In this formulation, chaotic inflation is modeled by the potential [6]

$$V\left(\varphi \right)={\displaystyle \frac{1}{2}}{g}_{\varphi }^2{\varphi }^2,$$

(4)

while for non-chaotic inflation, by the Fubini potential [25]

$$V\left(\varphi \right)={\displaystyle \frac{g_{\varphi }^2}{4}}{(\varphi -{\varphi }_c)}^4-{\displaystyle \frac{g_{\varphi }^2}{2}}{(\varphi -{\varphi }_c)}^2+{\displaystyle \frac{g_{\varphi }^2}{4}}.$$

(5)

According to [26], chaotic inflation corresponds to a scenario of the very early stages of the evolution of the universe where inflation is a natural (and may even be inevitable) consequence of chaotic initial conditions in the early universe. Non-chaotic inflation, also known as non-metric chaotic inflation, is assumed within the context of what is arguably the simplest non-metric extension of Einstein gravity [27].

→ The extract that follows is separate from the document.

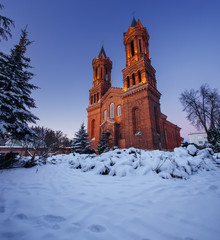 Fototapeta na wymiar Church of St. Barbara in Vitebsk. The building was shot during dusk, with the lights on.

As previously pointed out [8,9], despite the adoption of an unconventional reverse mapping path for the Faddeev–Jackiw symplectic deformation of the conventional Poisson algebra, — which generates a triad of commutative variables from their non-commutative counterparts —, the above equation (1) incorporates the effects of the reconfiguration of the originally commutative super-Hamiltonian by the imposition of a non-commutative symplectic algebra.

The resulting equation, although dependent on commutative variables, represented by $\eta \left(t\right)$, $\xi \left(t\right)$ and $\phi \left(t\right)$, accentuates this reconfiguration by imposing a formal structural composition that inserts new dynamic components into the original formalism, modulated by non-commutative algebraic parameters of Poisson type, represented by the symbols $\sigma$, $\chi$, $\gamma$, $\alpha$. This procedure, unlike a conventional Faddeev–Jackiw transformation, allows us to identify, in a comprehensible and manifest way, the impact of the noncommutative structure compared to the standard formulation, providing a kind of formal-logical guide in order to deepen our understanding of the effects inherent to such a transformation on the cosmic acceleration of the universe.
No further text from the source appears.